• _ABOUT THIS EXERCISE_
Below are the records. Reproduce exactly the lines from the one containing "Samsung a50 yahshi holatda" through the final line, and omit any pictures.
************
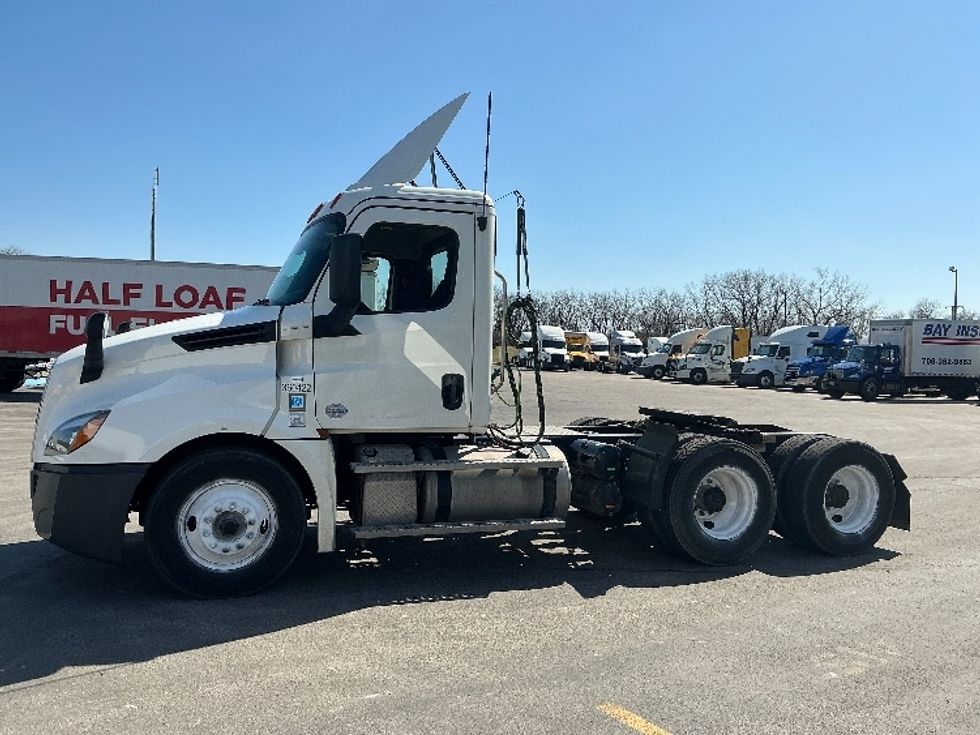 Day Cab Tractor-Heavy Duty Tractors-Freightliner-2020-T12664ST-East Chicago-IN-216,669\n\t\tmiles-$ 54,250 - Image 4
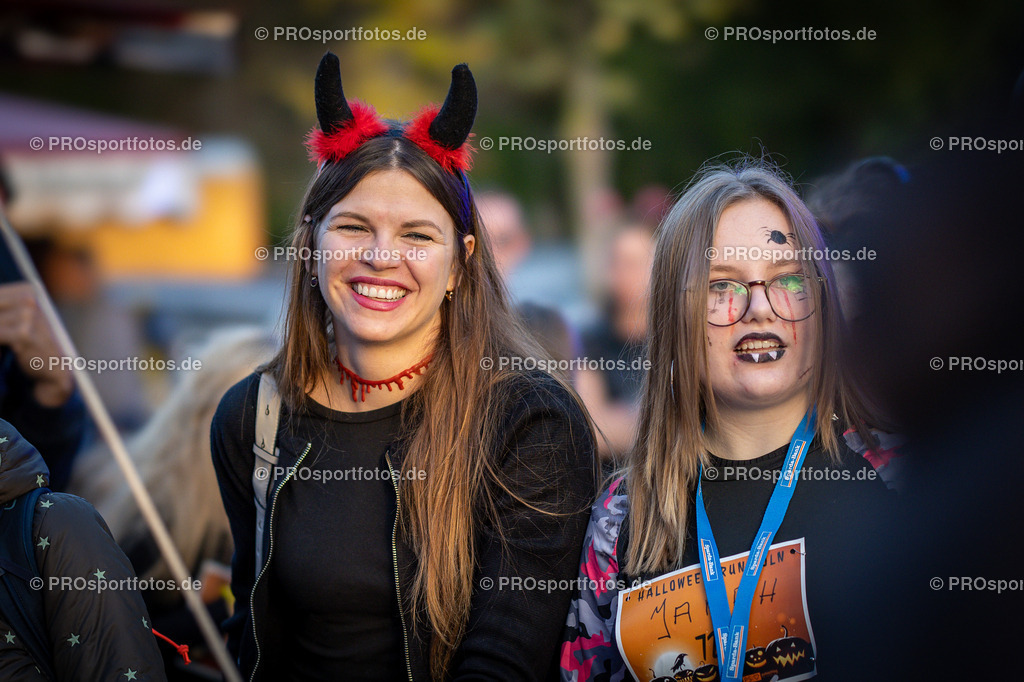 Halloween Run 2022 in Koeln, 31.10.2022 | Impressionen vom Halloween Run 2022 am 31.10.2022 in Koeln (Forstbotanischer Garten Rodenkirchen). Foto: BEAUTIFUL SPORTS/Axel Kohring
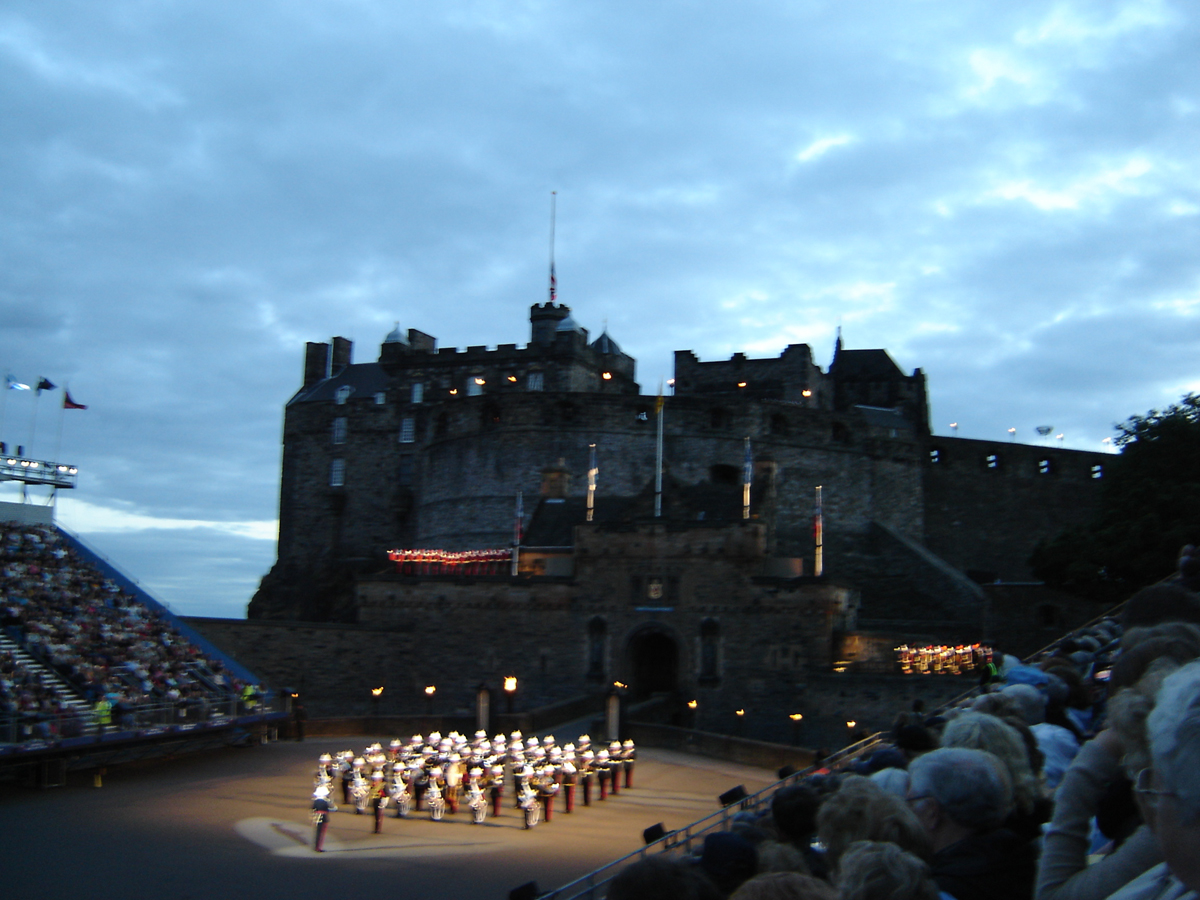 Various Artists - Edinburgh Military Tattoo 2007 [DVD]: Amazon.co.uk: DVD &  Blu-ray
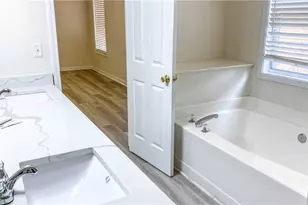 570 Sterling Pointe Ct, Lawrenceville, GA 30043 - Photo 22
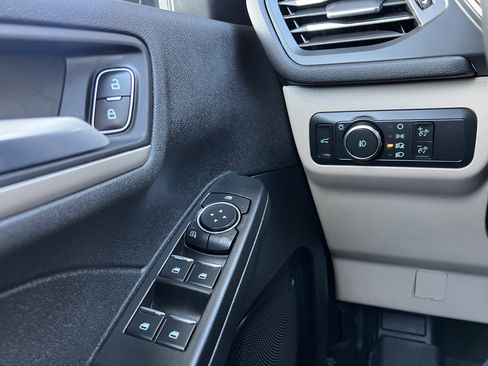 Used 2022 Ford Escape SEL image 38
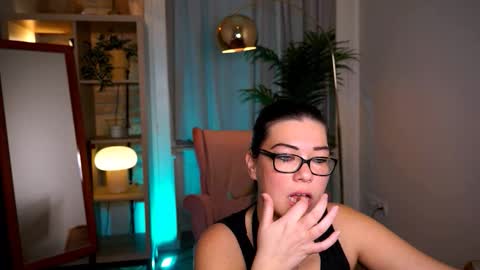 Snapshot of mrsfllowerr chatting on November 28, 2025, 6:54 pm Tamara online show from November 28, 2025, 6:54 pm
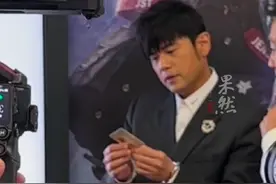 周杰伦活动现场被粉丝要签名，拿着05年演唱会门票看了很久，网友: 我的青春入场券视频封面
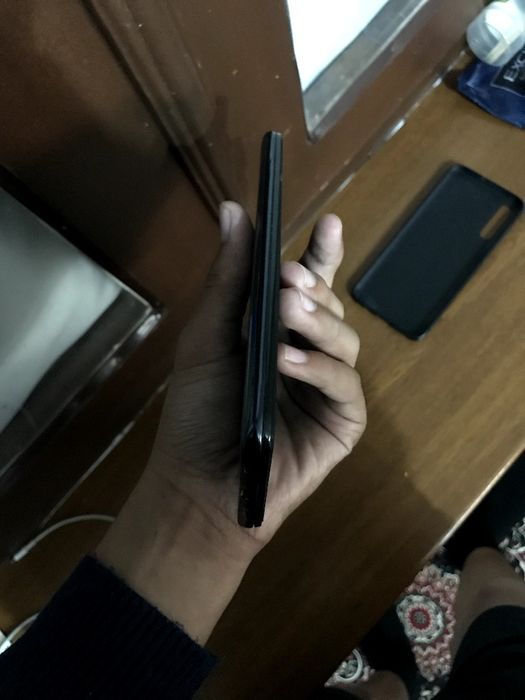 Samsung a50 yahshi holatda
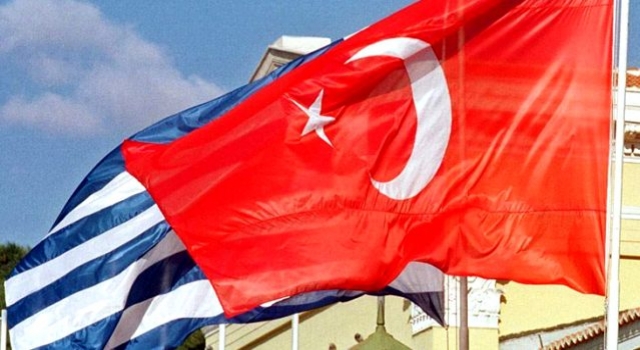 Yunanistan'dan bir açıklamada iki küstah tehdit! Türkiye'yi "felç edecek" yaptırım çağrısı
************
• _SOLUTION TO THIS TASK_
 Samsung a50 yahshi holatda
 Yunanistan'dan bir açıklamada iki küstah tehdit! Türkiye'yi "felç edecek" yaptırım çağrısı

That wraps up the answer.